Kitten season is coming. Unfortunately, “kitten season” does not mean happy, loved kittens posing for selfies in warm, caring homes. It means an unmanageable influx of cats brought to shelters and a significant portion of them being put down because of overcrowding.

In response, a national nonprofit is preparing for its annual campaign to address the issue. Alley Cat Rescue (ACR) is ramping up for their May Spay Challenge. The Challenge calls on veterinarians to pledge to spay or neuter at least one feral cat each week in May.

“Veterinarians are an important part of trap-neuter-return and many cat caretakers rely on their support to reduce cat population numbers,” said Alley Cat Rescue spokesperson Brianna Grant. “This challenge is a great opportunity for veterinarians to work with cat caretakers and create lasting partnerships.”

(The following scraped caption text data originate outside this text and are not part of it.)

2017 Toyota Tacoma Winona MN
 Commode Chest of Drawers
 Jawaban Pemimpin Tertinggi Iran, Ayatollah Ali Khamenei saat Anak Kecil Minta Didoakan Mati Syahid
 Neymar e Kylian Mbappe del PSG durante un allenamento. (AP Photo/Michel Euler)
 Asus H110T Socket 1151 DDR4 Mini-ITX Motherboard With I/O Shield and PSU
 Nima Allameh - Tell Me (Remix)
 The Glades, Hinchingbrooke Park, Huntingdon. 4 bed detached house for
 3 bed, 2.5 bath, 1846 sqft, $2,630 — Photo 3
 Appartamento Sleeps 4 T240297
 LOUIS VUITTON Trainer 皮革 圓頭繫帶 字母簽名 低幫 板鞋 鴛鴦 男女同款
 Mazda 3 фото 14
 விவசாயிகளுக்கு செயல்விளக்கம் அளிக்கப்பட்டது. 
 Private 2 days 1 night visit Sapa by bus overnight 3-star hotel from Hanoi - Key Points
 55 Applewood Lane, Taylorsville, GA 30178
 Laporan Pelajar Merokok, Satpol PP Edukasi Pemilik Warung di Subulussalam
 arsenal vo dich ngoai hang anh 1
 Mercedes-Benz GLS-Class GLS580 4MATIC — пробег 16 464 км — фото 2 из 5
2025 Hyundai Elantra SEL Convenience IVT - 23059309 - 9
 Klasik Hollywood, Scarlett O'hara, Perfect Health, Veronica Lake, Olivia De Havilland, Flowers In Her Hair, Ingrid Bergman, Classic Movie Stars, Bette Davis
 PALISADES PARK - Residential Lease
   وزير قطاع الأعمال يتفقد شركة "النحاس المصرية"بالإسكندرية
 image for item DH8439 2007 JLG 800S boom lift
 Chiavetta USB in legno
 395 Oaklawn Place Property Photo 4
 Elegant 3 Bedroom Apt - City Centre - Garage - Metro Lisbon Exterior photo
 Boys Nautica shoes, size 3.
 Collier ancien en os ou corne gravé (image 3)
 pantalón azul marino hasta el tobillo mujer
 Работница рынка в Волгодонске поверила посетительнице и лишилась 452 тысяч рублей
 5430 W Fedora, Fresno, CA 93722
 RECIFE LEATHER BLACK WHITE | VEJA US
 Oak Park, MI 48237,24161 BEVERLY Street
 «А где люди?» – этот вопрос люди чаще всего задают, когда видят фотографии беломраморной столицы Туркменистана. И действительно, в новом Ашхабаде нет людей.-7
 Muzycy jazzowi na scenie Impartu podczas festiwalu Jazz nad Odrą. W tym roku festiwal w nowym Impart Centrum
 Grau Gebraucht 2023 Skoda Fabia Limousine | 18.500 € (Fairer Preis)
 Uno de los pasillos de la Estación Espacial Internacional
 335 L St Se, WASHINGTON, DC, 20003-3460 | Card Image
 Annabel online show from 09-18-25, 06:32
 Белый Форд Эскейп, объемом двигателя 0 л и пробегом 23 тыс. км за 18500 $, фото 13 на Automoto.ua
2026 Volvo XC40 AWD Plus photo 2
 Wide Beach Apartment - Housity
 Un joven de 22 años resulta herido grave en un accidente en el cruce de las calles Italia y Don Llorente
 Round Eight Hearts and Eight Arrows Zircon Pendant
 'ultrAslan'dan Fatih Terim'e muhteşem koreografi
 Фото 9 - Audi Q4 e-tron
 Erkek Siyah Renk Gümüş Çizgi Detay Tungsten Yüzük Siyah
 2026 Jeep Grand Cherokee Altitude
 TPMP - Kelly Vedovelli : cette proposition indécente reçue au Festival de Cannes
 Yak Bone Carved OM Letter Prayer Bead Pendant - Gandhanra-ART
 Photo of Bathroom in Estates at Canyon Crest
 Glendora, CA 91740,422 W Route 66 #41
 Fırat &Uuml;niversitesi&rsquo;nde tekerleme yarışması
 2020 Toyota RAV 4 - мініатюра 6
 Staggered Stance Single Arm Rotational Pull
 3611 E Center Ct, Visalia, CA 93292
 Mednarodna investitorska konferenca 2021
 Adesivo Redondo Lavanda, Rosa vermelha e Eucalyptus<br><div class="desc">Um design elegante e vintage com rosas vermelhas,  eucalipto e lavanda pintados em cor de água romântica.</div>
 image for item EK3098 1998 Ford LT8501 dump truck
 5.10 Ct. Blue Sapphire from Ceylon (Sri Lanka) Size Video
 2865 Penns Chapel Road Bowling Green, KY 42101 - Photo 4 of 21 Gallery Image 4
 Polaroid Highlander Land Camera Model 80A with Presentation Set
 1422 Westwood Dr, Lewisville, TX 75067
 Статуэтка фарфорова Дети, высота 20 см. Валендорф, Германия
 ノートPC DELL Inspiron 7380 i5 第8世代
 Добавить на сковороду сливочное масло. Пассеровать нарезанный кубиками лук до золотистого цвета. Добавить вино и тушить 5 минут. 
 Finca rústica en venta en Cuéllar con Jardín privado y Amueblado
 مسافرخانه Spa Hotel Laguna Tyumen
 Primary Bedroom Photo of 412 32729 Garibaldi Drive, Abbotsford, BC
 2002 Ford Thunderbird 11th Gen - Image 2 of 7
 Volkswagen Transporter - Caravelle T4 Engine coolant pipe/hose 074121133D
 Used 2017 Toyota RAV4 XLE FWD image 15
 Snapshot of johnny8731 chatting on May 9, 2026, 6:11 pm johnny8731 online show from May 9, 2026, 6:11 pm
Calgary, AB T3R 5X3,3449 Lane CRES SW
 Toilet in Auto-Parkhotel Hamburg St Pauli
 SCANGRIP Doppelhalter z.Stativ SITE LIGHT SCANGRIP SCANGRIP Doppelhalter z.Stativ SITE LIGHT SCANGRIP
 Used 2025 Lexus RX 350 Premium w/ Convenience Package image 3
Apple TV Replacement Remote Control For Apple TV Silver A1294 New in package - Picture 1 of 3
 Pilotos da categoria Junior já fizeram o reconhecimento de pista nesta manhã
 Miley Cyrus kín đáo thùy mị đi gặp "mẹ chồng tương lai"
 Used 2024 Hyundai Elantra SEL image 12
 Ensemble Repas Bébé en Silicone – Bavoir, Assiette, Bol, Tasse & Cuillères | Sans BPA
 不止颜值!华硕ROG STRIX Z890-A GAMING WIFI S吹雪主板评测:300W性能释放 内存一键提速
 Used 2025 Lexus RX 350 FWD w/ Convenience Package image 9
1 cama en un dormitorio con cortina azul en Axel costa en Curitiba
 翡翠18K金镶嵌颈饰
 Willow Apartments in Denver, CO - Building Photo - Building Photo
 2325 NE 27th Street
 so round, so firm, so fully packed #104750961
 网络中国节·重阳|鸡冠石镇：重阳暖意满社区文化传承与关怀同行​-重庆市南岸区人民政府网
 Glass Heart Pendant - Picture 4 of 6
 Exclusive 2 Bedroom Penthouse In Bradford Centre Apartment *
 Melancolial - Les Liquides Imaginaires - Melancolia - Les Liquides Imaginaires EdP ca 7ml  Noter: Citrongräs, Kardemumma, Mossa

The May Spay Challenge pushes vets to perform trap-neuter-return (TNR) in hopes of non-lethally controlling feral cats. ACR is based in Maryland but the May Spay Challenge is international. The campaign started in 2010, and since then over 1,200 veterinary hospitals in America and several other countries have spayed or neutered over 30,000 feral cats.

More than 3 million cats enter the shelter system in America each year, and 30% will never make it out alive. There is hope, however, as cat euthanasia is on the decline — and with increased spay and neuter, we can help it continue to decrease.

An unmanaged feral cat population isn’t just harmful to felines, but other species suffer, too. The cats hunt and kill birds, reptiles and other small animals — billions of them, according to a study from 2013.

Alley Cat Rescue’s goal is to address the global unowned cat population in a manner that avoids euthanasia. They believe in working to support the welfare of all cats (domestic, stray, abandoned, and feral)Their May Spay Challenge is a crucial part of their strategy.

There is an array of amazing groups and individuals who care about stray dogs and cats. They rescue them. They provide medical attention. They find homes for them. And groups like ACR are aiming to slow the growth of stray populations and to reduce the need for future reactive measures by striking closer to the root of the problem.